The Corporate Treasury Insights 2015 report, published by Boston Consulting Group and BNP Paribas, found that effectively managing risk was the top priority for corporate treasurers. Having a robust risk management offering was cited by 70% of respondents as a factor that would give a bank a competitive advantage over peers.
By comparison, in the Euromoney cash management survey 2015 just 15% of respondents stated that their cash-management provider also offers risk-management services.
Given the demand from treasurers for more sophisticated products, it is perhaps surprising that transaction banks in the main either lack a distinct risk-management service for corporates, or seek to integrate this in their cash-management offering. Dub Newman, head of North America GTS, Bank of America Merrill Lynch, points out that risk-management services are inherent within a bank’s cash-management service, rather than offered as a separate product. Jacques Levet, head of transaction banking EMEA, BNP Paribas,argues that the value of those services is coming under greater scrutiny by corporates, who want to see what their bank is doing to assist them.
“When choosing a banking partner, and beyond the usual price, reliability and quality of service criteria, clients now look at bank’s ability to offer personalized advice and true added-value services, notably around risk management solutions,” says Levet.
Levet explains how he has seen a corporate come to the bank directly to ask for assistance: “While discussing fraud prevention techniques and measures with a particular client, and because he knows the great length we go to in order to protect their transactions within the bank, he asked us if we would be ready to actually audit his own systems to ensure they provided the same level of security.”
The corporates surveyed for the Corporate Treasury Insights 2015 report stated that their greatest concerns now over risk are firstly market and economic risks and secondly fraud and cybercrime. While the former may not be something that can be easily mitigated, the banks are in agreement that cyber risk is undoubtedly one of the most pressing.
Levet says: “When it comes to risk management, and next to the traditional market, economic and counterparty risks, corporate treasurers view cyber security as top priority going forward. Being experts in managing risks in general, banks are now more and more asked by their clients to develop a true commercial offer around risk management tools, something they feel is missing in the industry.”
Many treasurers now realise that managing risk on their own is a difficult task, and are willing to pay to enlist the help of the banks.
“Considering the real added-value potential of risk management tools, treasurers say they are happy to pay for and invest in such services,” says Levet.
Treasurers are taking differing approaches to working through the issues, often seeing it as a problem for other areas of the business to manage, especially if it involves technology.

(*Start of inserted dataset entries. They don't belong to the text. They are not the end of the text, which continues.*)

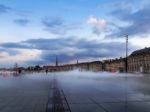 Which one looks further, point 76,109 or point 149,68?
point 149,68

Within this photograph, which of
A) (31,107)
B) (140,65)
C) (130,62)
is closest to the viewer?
(31,107)

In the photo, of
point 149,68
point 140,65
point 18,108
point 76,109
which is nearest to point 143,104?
point 76,109

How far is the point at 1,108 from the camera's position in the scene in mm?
12914

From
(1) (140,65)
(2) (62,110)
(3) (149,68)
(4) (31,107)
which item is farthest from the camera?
(1) (140,65)

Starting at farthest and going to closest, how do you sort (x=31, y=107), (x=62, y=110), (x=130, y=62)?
(x=130, y=62), (x=31, y=107), (x=62, y=110)

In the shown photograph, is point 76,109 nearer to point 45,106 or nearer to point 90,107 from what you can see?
point 90,107

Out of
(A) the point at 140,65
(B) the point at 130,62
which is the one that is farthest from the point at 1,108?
(B) the point at 130,62

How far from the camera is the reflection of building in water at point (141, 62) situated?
6027 inches

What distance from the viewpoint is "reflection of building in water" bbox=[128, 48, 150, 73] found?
502 feet

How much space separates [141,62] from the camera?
164 metres

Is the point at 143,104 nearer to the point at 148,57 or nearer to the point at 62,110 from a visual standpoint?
the point at 62,110

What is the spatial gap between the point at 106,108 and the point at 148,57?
147 m

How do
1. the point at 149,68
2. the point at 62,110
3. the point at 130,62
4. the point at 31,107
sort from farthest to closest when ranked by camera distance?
the point at 130,62 → the point at 149,68 → the point at 31,107 → the point at 62,110

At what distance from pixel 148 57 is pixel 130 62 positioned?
109 ft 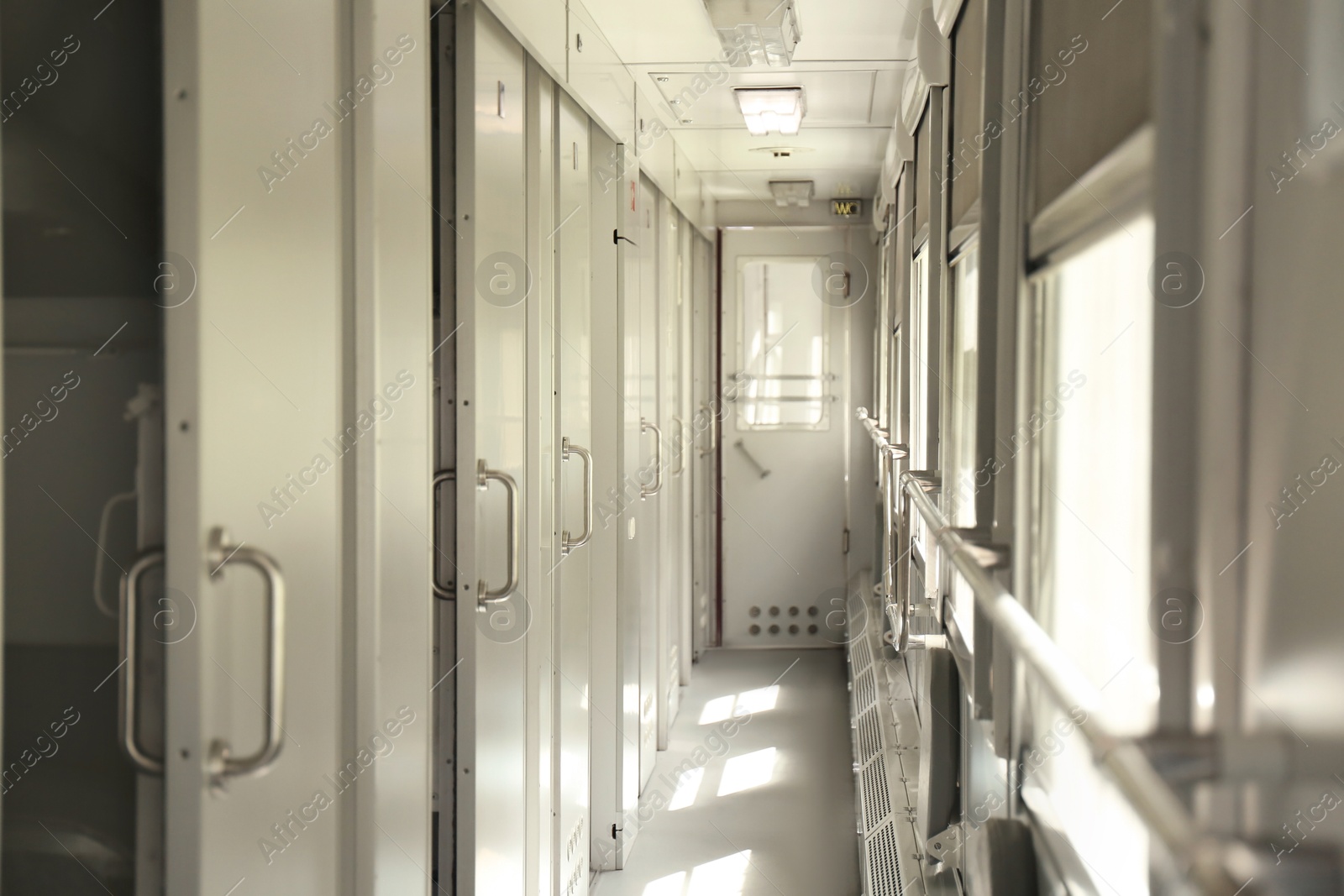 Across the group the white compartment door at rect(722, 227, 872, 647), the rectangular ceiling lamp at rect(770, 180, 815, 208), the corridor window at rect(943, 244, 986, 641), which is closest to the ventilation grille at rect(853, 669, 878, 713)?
the white compartment door at rect(722, 227, 872, 647)

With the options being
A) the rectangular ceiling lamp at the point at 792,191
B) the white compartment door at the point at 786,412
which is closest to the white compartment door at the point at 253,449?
the rectangular ceiling lamp at the point at 792,191

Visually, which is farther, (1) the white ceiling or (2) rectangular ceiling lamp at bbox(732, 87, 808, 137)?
(2) rectangular ceiling lamp at bbox(732, 87, 808, 137)

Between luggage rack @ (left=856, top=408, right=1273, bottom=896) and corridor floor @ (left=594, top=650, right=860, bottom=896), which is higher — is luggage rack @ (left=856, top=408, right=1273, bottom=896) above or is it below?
above

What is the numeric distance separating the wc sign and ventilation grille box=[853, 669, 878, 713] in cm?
327

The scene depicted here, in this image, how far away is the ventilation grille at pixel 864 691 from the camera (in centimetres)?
452

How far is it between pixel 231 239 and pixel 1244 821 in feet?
4.35

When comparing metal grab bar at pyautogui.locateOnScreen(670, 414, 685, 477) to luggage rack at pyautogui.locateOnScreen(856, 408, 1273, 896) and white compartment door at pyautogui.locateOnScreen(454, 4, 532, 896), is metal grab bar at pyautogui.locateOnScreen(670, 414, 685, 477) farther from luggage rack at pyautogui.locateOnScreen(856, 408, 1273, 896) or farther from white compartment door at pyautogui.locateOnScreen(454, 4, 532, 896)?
luggage rack at pyautogui.locateOnScreen(856, 408, 1273, 896)

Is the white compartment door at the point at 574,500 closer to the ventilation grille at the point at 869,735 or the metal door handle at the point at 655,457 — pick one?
the metal door handle at the point at 655,457

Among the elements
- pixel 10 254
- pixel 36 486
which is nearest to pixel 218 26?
pixel 10 254

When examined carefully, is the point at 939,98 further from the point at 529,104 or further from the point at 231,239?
the point at 231,239

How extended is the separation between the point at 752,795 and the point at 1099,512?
369cm

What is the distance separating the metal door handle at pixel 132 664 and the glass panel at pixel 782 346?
604 centimetres

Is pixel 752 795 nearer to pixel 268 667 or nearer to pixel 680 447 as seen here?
pixel 680 447

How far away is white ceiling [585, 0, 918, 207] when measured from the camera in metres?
3.45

Says Levet: “When it comes to cyber security, you see different approaches from treasurers. Some are willing to take the matter in their own hands while others have decided to completely outsource it to their IT departments.”
Although cybercrime is seen as the top concern, human weakness is the biggest problem now.

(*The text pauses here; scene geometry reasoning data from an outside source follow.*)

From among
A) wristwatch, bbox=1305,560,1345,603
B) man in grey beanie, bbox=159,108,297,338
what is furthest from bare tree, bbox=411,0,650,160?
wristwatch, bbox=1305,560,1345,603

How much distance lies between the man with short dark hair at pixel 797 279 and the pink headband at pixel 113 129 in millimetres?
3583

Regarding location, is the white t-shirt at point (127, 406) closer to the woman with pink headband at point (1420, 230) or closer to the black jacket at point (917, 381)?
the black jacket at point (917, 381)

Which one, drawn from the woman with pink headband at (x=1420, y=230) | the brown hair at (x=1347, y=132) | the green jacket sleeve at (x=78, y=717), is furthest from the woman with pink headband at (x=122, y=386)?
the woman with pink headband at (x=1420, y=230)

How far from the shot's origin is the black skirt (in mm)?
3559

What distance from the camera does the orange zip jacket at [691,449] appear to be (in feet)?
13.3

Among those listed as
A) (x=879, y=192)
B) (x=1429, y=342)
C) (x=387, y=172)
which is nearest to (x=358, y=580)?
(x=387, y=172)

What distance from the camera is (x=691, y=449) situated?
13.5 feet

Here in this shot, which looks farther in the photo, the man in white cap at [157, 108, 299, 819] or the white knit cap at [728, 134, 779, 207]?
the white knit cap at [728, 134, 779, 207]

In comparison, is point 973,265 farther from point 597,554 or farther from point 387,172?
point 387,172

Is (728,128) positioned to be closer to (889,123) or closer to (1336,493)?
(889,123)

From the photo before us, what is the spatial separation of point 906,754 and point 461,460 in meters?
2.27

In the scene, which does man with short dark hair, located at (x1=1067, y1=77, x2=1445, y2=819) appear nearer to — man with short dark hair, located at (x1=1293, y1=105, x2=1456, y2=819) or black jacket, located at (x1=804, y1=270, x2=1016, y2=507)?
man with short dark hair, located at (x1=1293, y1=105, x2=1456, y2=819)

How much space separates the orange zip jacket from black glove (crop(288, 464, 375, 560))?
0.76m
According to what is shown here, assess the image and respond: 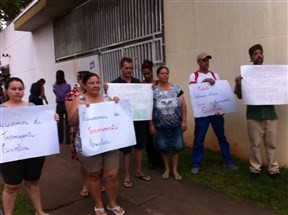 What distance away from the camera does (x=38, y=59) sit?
1476 cm

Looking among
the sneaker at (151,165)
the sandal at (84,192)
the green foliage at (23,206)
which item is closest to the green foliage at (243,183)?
the sneaker at (151,165)

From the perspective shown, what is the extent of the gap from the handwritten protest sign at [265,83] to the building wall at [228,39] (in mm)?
433

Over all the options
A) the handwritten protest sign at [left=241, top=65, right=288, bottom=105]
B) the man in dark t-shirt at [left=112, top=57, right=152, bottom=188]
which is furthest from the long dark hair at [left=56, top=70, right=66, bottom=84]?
the handwritten protest sign at [left=241, top=65, right=288, bottom=105]

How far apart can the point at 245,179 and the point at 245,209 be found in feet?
2.73

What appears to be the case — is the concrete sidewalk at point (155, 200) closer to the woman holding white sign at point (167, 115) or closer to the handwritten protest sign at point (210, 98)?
the woman holding white sign at point (167, 115)

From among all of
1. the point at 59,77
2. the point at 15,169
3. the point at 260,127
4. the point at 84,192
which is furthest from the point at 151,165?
the point at 59,77

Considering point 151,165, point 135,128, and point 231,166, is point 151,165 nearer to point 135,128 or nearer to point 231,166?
point 135,128

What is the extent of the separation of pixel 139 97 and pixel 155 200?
1397 millimetres

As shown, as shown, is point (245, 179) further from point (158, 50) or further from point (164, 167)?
point (158, 50)

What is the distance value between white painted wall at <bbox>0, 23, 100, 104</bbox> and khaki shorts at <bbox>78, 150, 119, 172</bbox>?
6.53 meters

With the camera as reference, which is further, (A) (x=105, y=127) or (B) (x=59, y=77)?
(B) (x=59, y=77)

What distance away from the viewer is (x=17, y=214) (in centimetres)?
391

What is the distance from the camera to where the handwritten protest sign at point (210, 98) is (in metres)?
4.85

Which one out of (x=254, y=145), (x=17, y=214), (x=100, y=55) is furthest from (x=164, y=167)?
(x=100, y=55) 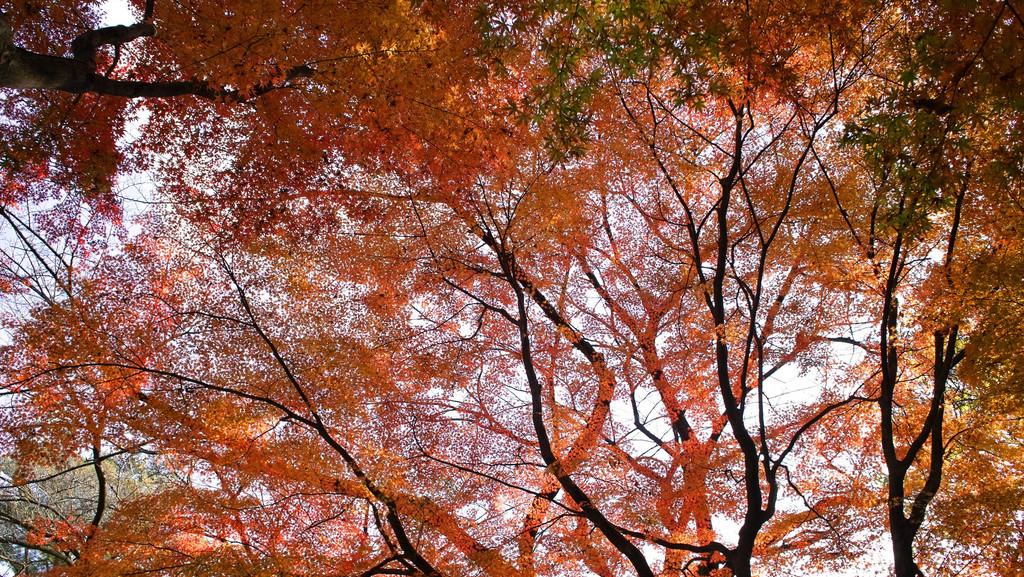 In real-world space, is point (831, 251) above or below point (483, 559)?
above

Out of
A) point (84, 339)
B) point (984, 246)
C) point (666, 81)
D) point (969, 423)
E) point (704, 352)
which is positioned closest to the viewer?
point (984, 246)

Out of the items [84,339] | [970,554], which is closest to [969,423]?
[970,554]

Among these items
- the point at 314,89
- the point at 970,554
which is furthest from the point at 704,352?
the point at 314,89

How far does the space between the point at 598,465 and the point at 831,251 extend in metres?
4.18

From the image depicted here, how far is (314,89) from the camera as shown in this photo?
545 centimetres

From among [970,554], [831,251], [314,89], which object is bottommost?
[970,554]

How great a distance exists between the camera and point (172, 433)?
5352mm

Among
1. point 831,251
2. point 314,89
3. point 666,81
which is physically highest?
point 666,81

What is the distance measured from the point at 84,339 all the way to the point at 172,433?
1284mm

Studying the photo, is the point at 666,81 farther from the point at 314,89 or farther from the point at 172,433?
the point at 172,433

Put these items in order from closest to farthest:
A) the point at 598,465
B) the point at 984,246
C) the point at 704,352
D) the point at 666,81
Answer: the point at 984,246 < the point at 666,81 < the point at 598,465 < the point at 704,352

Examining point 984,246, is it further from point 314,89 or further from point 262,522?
point 262,522

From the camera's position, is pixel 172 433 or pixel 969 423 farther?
pixel 969 423

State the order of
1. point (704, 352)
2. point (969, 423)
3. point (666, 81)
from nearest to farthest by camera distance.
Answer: point (969, 423), point (666, 81), point (704, 352) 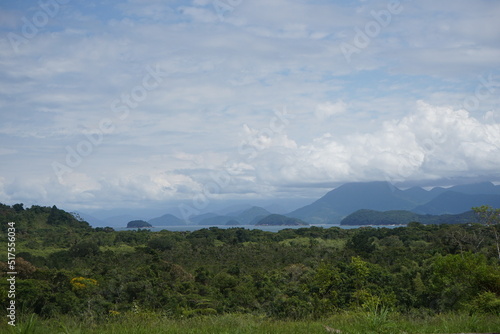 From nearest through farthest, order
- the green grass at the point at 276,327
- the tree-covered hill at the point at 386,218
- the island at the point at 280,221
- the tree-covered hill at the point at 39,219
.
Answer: the green grass at the point at 276,327
the tree-covered hill at the point at 39,219
the tree-covered hill at the point at 386,218
the island at the point at 280,221

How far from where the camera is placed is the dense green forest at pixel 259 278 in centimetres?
1609

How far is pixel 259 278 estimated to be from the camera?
32.7 meters

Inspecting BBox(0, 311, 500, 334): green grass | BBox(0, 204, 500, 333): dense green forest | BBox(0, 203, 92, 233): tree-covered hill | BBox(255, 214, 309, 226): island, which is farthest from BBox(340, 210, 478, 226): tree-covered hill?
BBox(0, 311, 500, 334): green grass

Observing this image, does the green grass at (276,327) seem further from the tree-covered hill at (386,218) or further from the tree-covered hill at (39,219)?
the tree-covered hill at (386,218)

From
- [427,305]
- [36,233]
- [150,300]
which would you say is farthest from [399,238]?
[36,233]

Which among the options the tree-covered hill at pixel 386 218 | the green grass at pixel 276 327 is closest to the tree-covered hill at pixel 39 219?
the green grass at pixel 276 327

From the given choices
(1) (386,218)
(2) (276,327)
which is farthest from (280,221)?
(2) (276,327)

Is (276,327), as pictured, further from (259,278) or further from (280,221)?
(280,221)

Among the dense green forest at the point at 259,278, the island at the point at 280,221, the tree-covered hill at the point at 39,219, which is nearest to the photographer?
the dense green forest at the point at 259,278

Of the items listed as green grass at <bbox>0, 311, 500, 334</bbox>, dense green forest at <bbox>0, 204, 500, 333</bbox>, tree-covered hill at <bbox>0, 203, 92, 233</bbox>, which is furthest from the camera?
tree-covered hill at <bbox>0, 203, 92, 233</bbox>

“Beyond the safety of the IT systems, which is paramount, there is also some education to be done with treasury teams on individual behaviors,” says Levet. “For example you’d be surprised how many people can be misled into giving out sensitive details like passwords over the phone.”
Matthew Dewsbury, global head of fraud risk at HSBC, elaborates on the problems, explaining that even if a company’s antivirus and firewalls are up to date, there are still weaknesses. “What is more of a concern now is when social engineering is used in conjunctionwith a cyber attack,” he says.

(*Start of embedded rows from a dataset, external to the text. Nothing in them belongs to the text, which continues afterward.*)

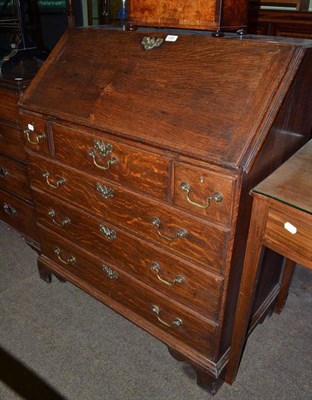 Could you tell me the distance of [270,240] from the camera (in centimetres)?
120

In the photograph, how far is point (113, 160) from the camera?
144 centimetres

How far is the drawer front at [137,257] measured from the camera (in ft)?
4.58

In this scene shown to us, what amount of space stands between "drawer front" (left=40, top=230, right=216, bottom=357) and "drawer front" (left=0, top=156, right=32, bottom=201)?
0.31m

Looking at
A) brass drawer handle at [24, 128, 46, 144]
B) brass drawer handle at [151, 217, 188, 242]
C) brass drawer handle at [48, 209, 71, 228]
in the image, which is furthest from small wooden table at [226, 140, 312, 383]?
brass drawer handle at [24, 128, 46, 144]

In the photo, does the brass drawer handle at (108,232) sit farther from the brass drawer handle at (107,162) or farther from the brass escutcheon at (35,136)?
the brass escutcheon at (35,136)

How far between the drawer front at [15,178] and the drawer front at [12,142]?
52 mm

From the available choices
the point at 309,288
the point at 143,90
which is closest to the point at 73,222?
the point at 143,90

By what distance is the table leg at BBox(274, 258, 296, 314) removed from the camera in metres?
1.81

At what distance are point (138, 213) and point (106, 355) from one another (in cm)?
76

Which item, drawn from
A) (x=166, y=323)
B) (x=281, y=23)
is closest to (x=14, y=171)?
(x=166, y=323)

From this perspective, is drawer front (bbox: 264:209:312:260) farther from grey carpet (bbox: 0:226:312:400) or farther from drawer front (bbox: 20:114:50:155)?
drawer front (bbox: 20:114:50:155)

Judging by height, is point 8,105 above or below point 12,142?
above

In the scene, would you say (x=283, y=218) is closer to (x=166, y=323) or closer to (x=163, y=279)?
(x=163, y=279)

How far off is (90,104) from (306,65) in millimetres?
783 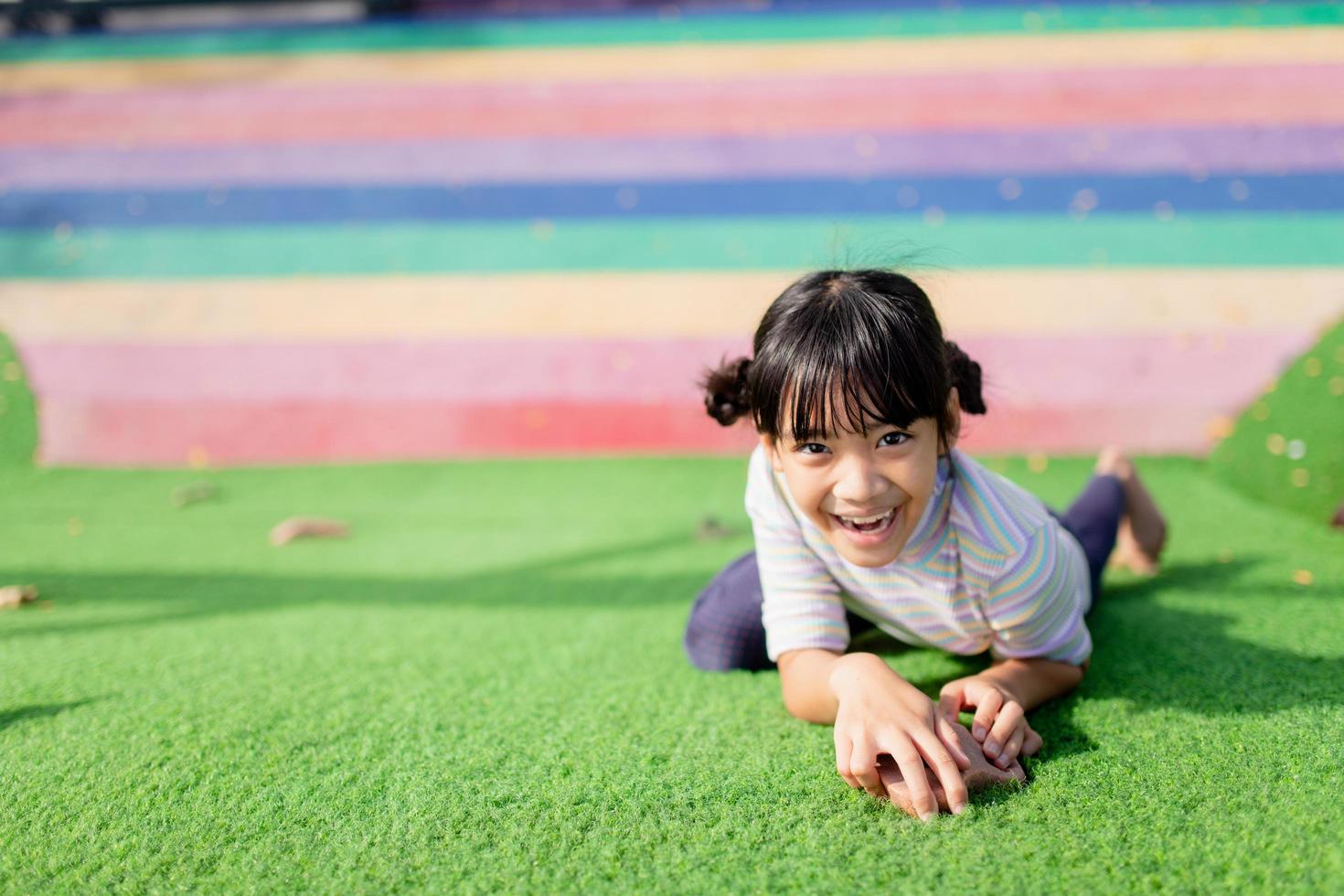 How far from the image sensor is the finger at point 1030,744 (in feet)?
5.87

“Staff can be duped into making payments to fraudsters by emails which are manipulated to appear to come from their own senior executives or a supplier. These emails often contain genuine information which has been harvested from hacked email accounts or social engineering.”
Corporates need to ensure they are keeping track of transactions; if it looks legitimate the bank will not flag the issue. If the treasury team has authorised a payment with false information, it makes it very difficult for the bank to realise fraud has taken place, as all the details will adhere to the correct processes. The burden of realising there has been a fraud lies with the corporate themselves.
Says Dewsbury: “If this happens, the bank will endeavour to get the money back. But this relies on the customer detecting the fraudulent payment themselves, and quickly. HSBC is very good at recovering funds, but if the bank is only notified a few weeks later, it is difficult to follow the money trail and the criminals may have already disbursed the funds.”
Treasurers also need to keep tabs on payments activities across their accounts, especially ones not used daily. BAML’s Newman says: “There are areas that can foster risky activity, such as excess or dormant accounts on the client’s platform. If they have accounts they are not paying close attention to, they can become targets.”